*** Opening DATA FOR THIS TASK ***

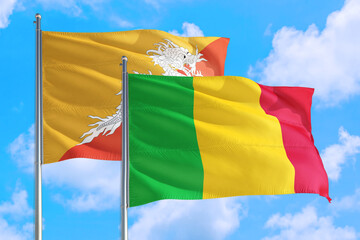 Mali and Bhutan national flag waving in the windy deep blue sky. Diplomacy and international relations concept.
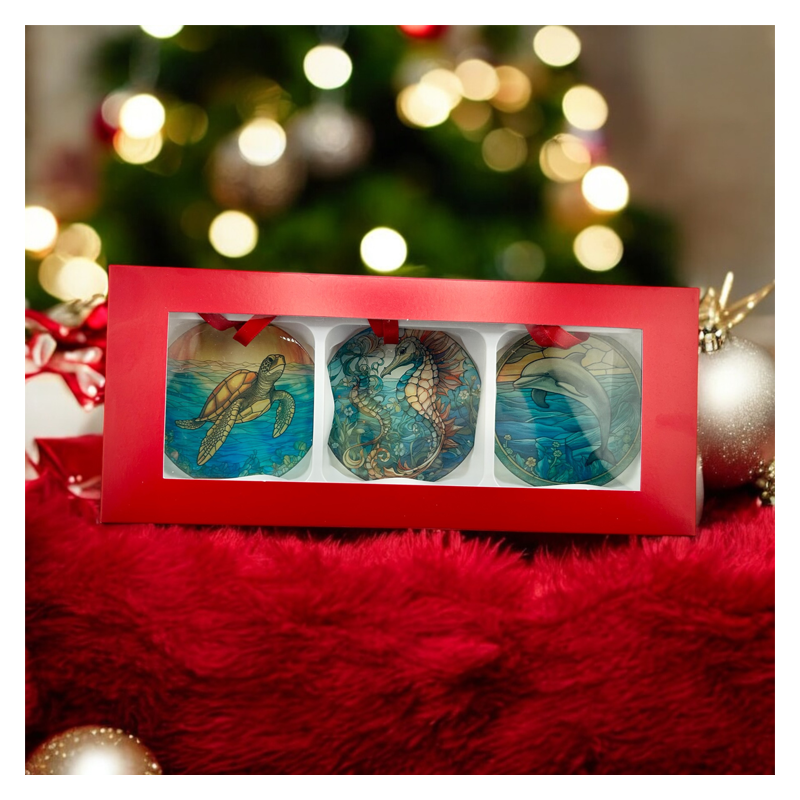 box with 3 ornaments with sea creatures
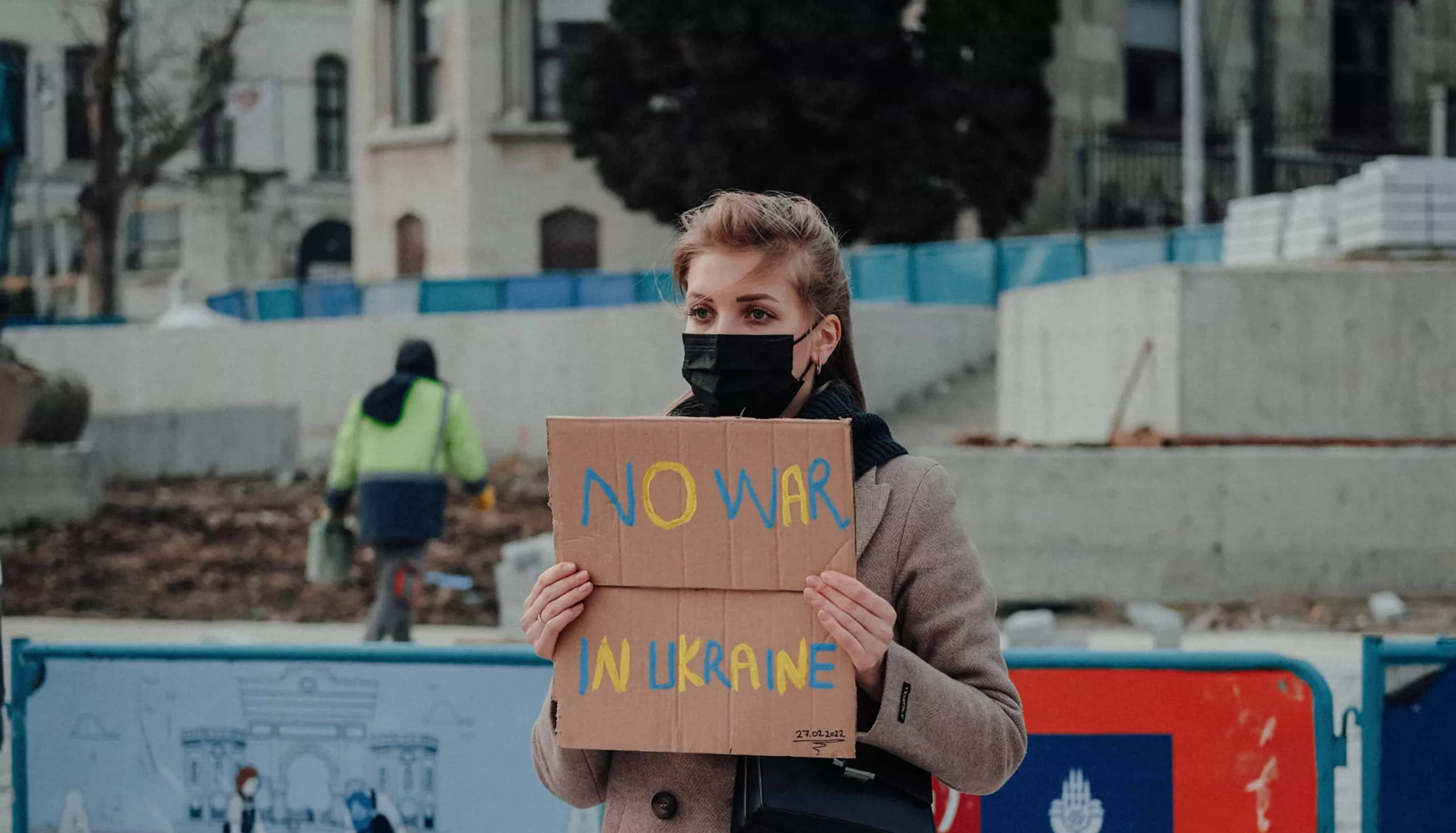 War protestor Female war protestor stands alone with banner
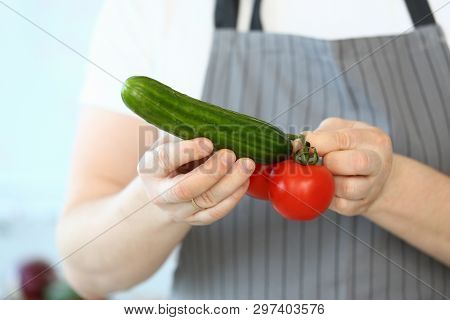 Chef Hands Showing Humorous Vegetable Phalos. Comic Male Joking With Tomato And Cucumber. Man Holdin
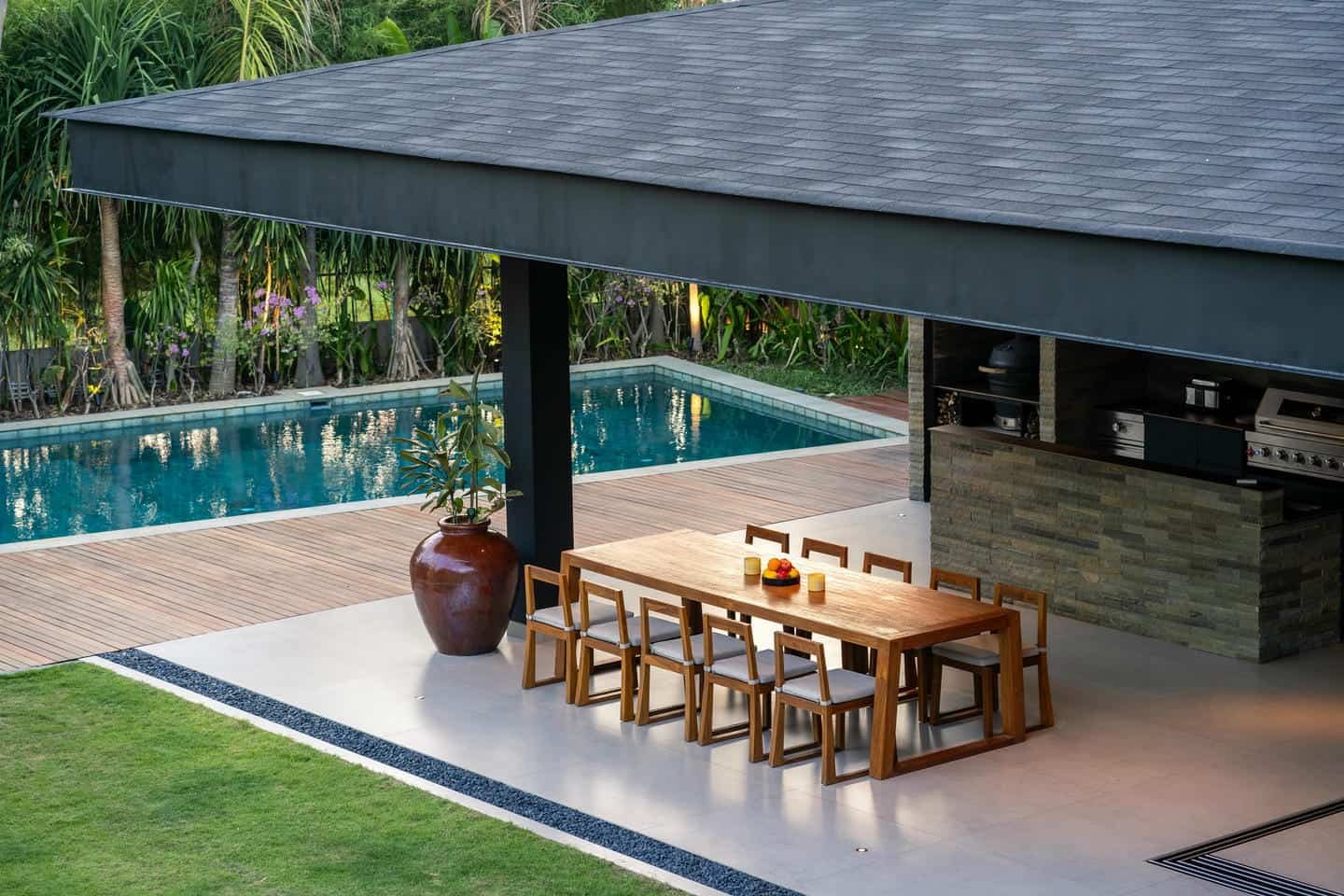 Modern patio with pool and outdoor dining area.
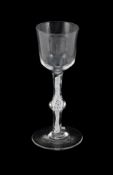 A CENTRALLY-KNOPPED OPAQUE TWIST WINE GLASS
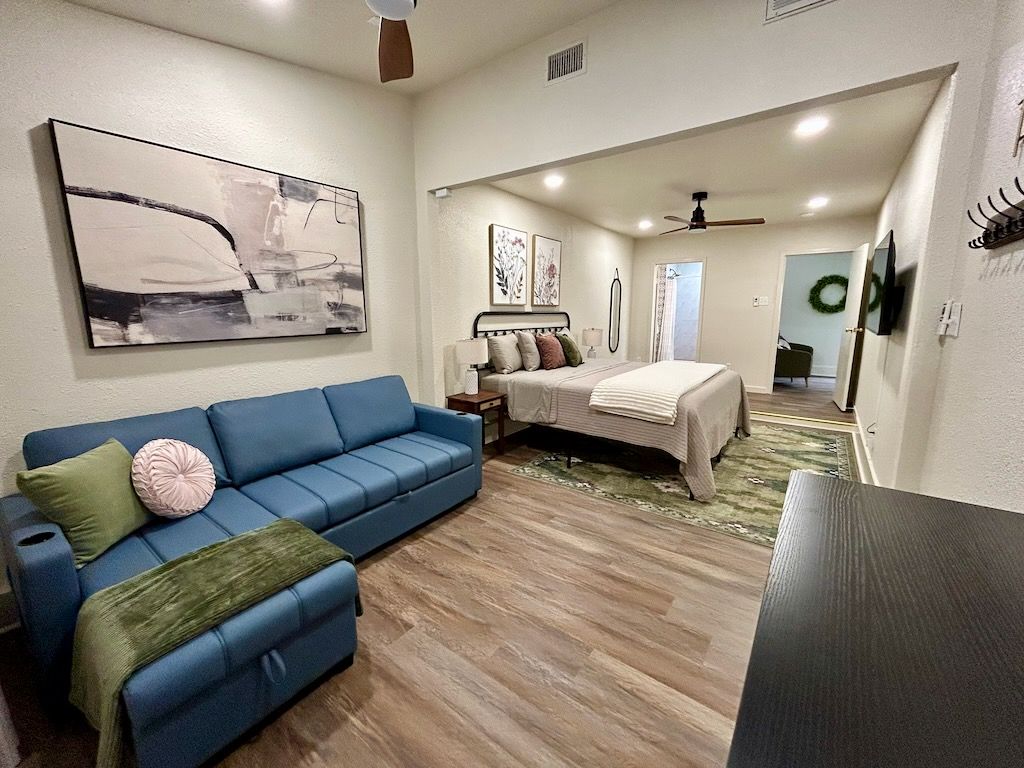 Ein Schlafzimmer mit einem blauen Sofa, einem Bett mit weißer Bettdecke und einem Deckenventilator.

*** Closing DATA FOR THIS TASK ***

# PROBLEM TO SOLVE
Please keep every line of the data the same when you reproduce it, and keep every picture out.

# EXERCISE ANSWER
 Mali and Bhutan national flag waving in the windy deep blue sky. Diplomacy and international relations concept.
 box with 3 ornaments with sea creatures
 War protestor Female war protestor stands alone with banner
 Chef Hands Showing Humorous Vegetable Phalos. Comic Male Joking With Tomato And Cucumber. Man Holdin
 Modern patio with pool and outdoor dining area.
 A CENTRALLY-KNOPPED OPAQUE TWIST WINE GLASS
 Ein Schlafzimmer mit einem blauen Sofa, einem Bett mit weißer Bettdecke und einem Deckenventilator.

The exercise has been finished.